At Caesarea there was a man named Cornelius, a
centurion in what was known as the Italian Regiment. 2 He and all his family were devout and God-fearing;
he gave generously to those in need and prayed to God regularly. (Acts 10:1-2)
In today’s lectionary reading, Cornelius, an Italian centurion, is described as “God-fearing.” There is much scholarly debate as to what it meant that Cornelius was a “God-fearer.” But for some reason Cornelius was attracted to the Jewish ethics, theology, and worship. He participated and lived his life as a faithful Jew. As an “outsider,” he was labeled as a God fearer that included practices of generosity and prayer. As a person of prayer, he was noted to practice the regular traditional Jewish prayer times. (v. 30)
I am struck at how Cornelius was labeled a person of prayer. What would it take to raise the bar of my own prayer life? Time!!!! You have seen the statistics that only 80% of pastors pray less than 15 minutes a day. I have tried to practice the disciple of making my life a continual offering of prayer throughout my day, but often my thoughts are centered around the issues at hand. I wonder what it would look like if Presbyterians were known to be people of prayer.
He told them, “The harvest is plentiful, but the workers are few. Ask the Lord of the harvest, therefore, to send out workers into his harvest field. (Luke 10:2)

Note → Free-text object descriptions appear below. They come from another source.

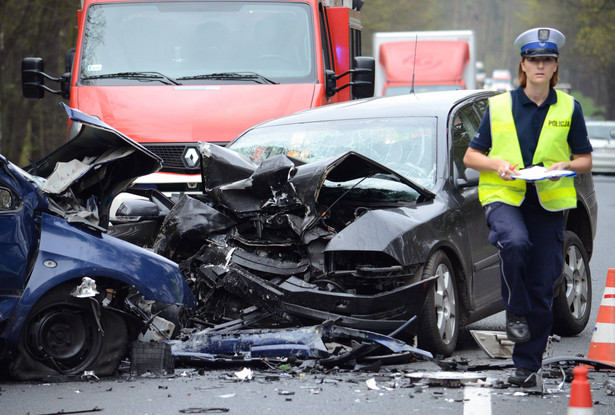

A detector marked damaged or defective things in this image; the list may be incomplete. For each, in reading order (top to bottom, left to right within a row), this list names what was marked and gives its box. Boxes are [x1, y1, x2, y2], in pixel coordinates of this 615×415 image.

crumpled hood [27, 103, 162, 229]
blue damaged car [0, 104, 196, 380]
black damaged car [118, 90, 600, 358]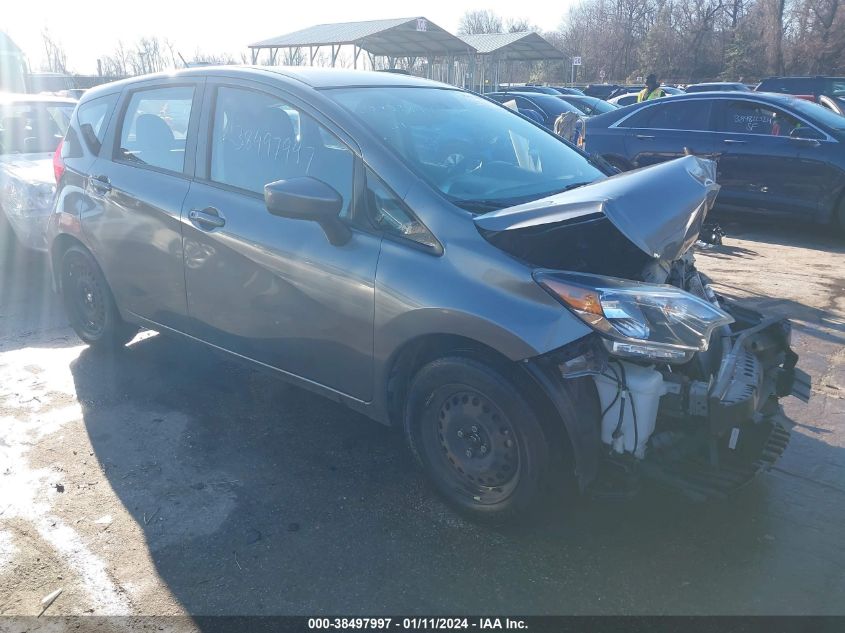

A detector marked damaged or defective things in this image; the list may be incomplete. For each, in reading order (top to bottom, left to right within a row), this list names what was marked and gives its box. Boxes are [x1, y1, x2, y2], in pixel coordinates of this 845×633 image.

broken headlight [536, 270, 732, 362]
damaged front end [474, 157, 812, 498]
crushed front bumper [640, 298, 812, 502]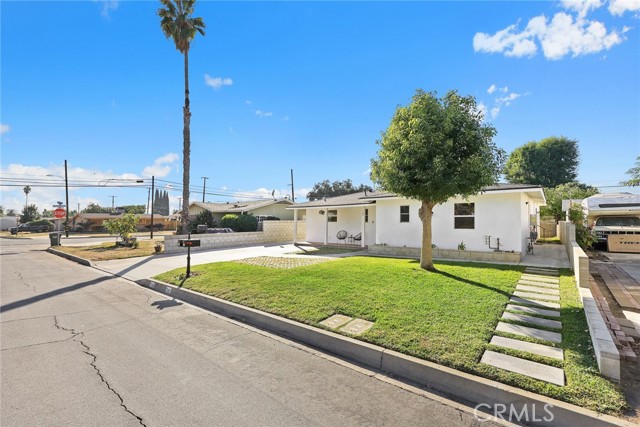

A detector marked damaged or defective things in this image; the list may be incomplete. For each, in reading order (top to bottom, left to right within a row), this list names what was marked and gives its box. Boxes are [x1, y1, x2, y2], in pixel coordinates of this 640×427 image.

A vibrant connection with God through prayer is essential to many aspects of healthy vibrant ministry. In prayer, we are confirmed of God calling upon our lives. In prayer, we pray for the lost. In prayer God delights in our petitions. In prayer, we partner with God to see where God is already active in our communities resulting in Holy Spirit guided discernment. Are we missing something? Could we solve the decline of our denomination if we renewed our commitment to God and spent more time in prayer? I believe we can move the mark. When people look at you do they see a person who lives their life as a total expression of prayer? Let’s be more like Cornelius. We have much to learn from him.